Comme l’indique le titre, Vuillard trouve le motif de ce grand paysage champêtre à l’Étang-la-Ville, dans l’Ouest parisien. Il connaissait bien ce village, alors niché dans une campagne luxuriante où il séjourna l’été, en 1899 et 1900, auprès de son ami le peintre Ker-Xavier Roussel et de sa femme Marie, sa sœur aînée. Au cours de ses promenades dans les environs il découvre de larges points de vue sur la nature d’où naît son intérêt pour le paysage panoramique qu’il va introduire dans sa peinture à vocation décorative. Les panneaux Les Premiers fruits et La Fenêtre sur les bois peints en 1899 pour un hôtel parisien (aujourd’hui au Noton simon Museum of art à Pasadena) témoignent de cette évolution. Inachevé, le panneau de Beauvais est datable de la même période, la plus créatrice de l’artiste.
À partir de 1892 Vuillard travaille comme créateur de décors pour le théâtre. Il s’initie à l’emploi de la peinture à la colle (pigments en poudre mêlés à de la colle, puis dilués dans l’eau chaude). Ce médium devient son favori, car il sèche vite, offre un aspect mat et doux et permet les superpositions, qui caractérisent son style. Il l'utilise aussi pour la peinture décorative d’intérieur.

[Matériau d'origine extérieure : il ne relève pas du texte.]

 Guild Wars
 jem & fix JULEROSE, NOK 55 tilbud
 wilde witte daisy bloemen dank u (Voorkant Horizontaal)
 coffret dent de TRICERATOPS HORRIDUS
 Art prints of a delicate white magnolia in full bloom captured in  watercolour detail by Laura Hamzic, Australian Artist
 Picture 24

Dans La Maisonnette à l'Étang-la-Ville, l’agencement des motifs n’est pas régi par la perspective traditionnelle du point de fuite mais par plans successifs, comme dans les estampes japonaises. L’aspect décoratif est accentué par le caractère ornemental des arabesques de la branche d’arbre d’un modernisme « avant » Matisse. Elle couronne la composition déployée sur le fond bleu du ciel. Les verts modulés par touches juxtaposées, dessinant un réseau de feuillages et d’herbe drue, chantent autour du buisson central jaune vif. Seul le pignon de la maison, à peine esquissé, forme une tâche indistincte rejointe par le chemin oblique où se dessine la silhouette très « vuillard » d’un enfant en tablier long à carreaux.

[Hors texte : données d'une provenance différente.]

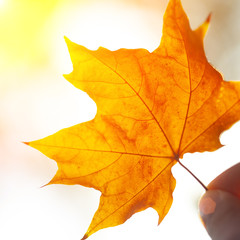 Autumn leaves background
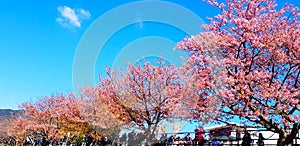 Many people travel and visit to see sakura cherry blossom blooming with clear blue sky and cloud background at floral garden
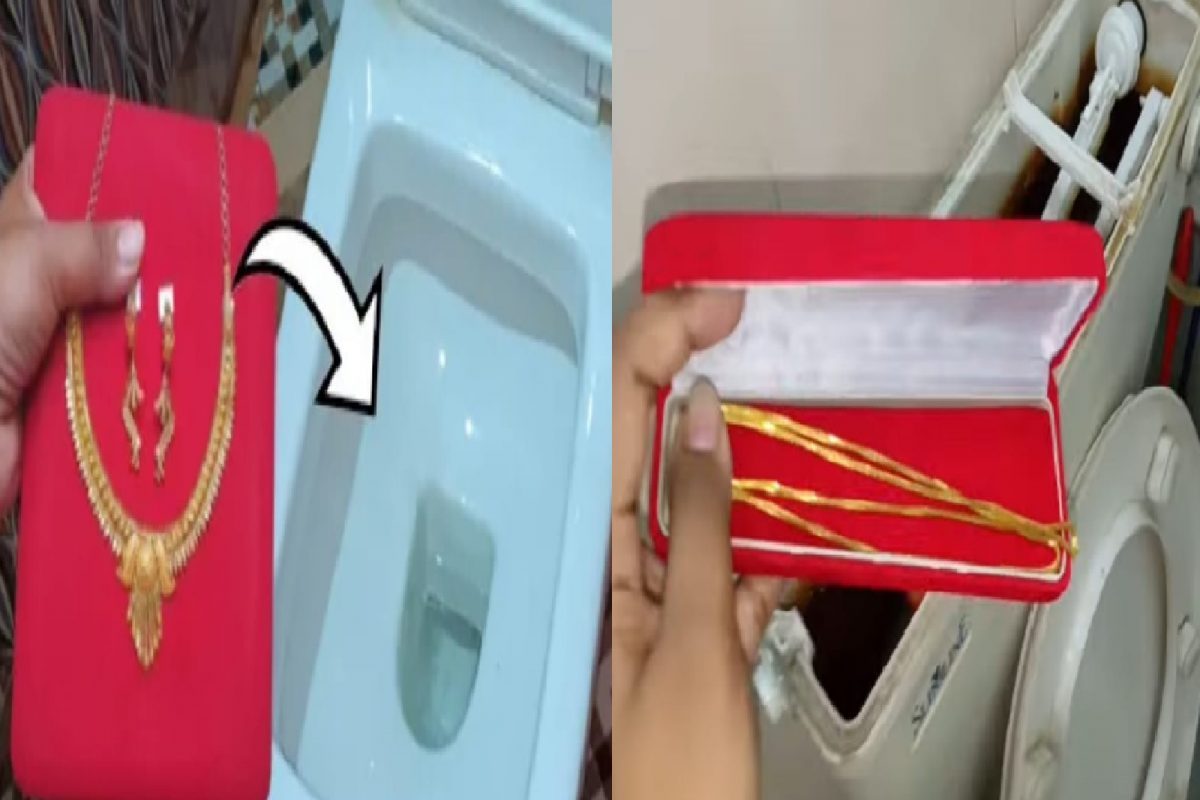 फोटो सौजन्य - युट्यूब व्हिडीओ स्क्रिनशॉट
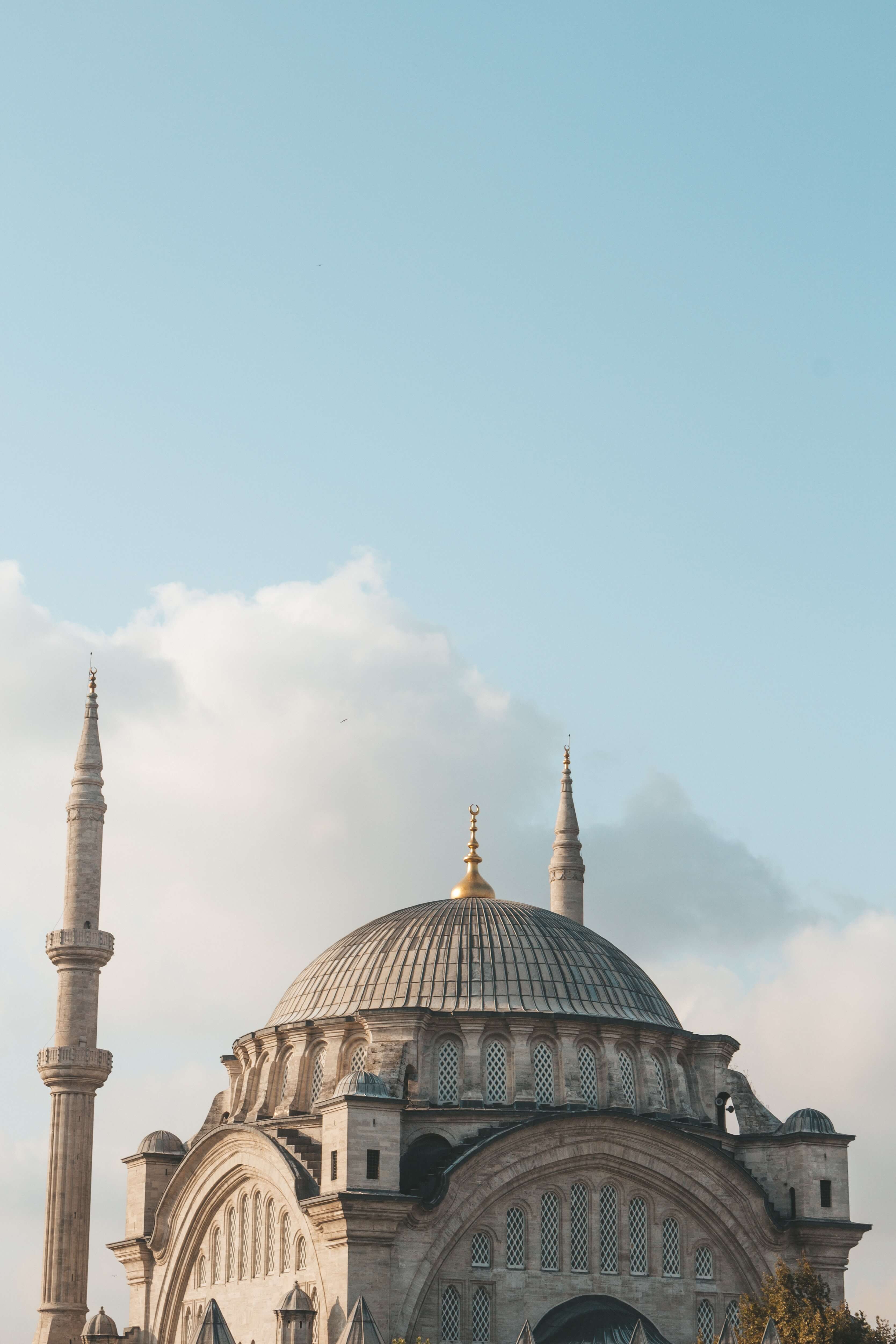 Wallpapers 8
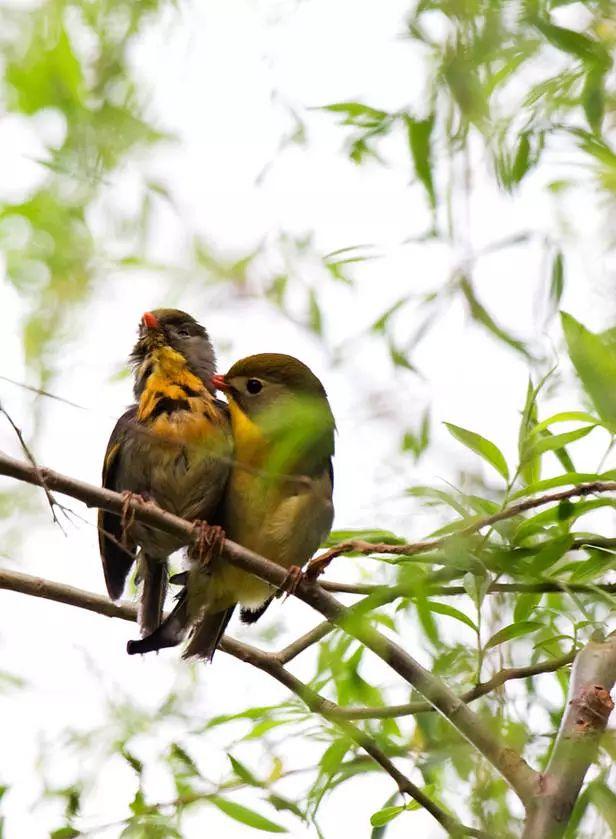 最美相思鸟,名更美,鸟语:在天愿作比翼鸟,在地愿为连理枝.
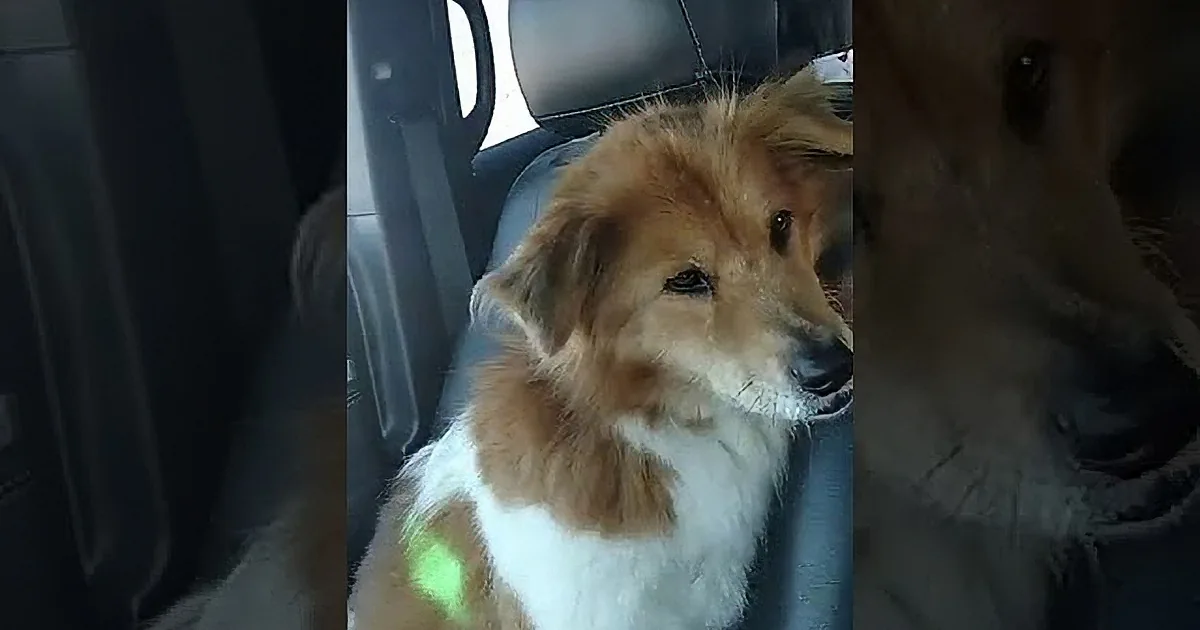 A fluffy brown and white dog sits in a car, looking to the right with a curious expression.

Pour Vuillard et ses amis du groupe des Nabis, « le tableau est essentiellement une surface plane recouverte de couleurs en un certain ordre assemblées », selon la célèbre formule de Maurice Denis. Plus qu’un morceau de nature, La Maisonnette à L’Etang-la-Ville est une interprétation en deux dimensions (comme un papier peint ou, plus encore, une tapisserie) d'un paysage que le peintre reconstruit en atelier, en respectant le jeu des harmonies dans la couleur, la forme et l’arabesque.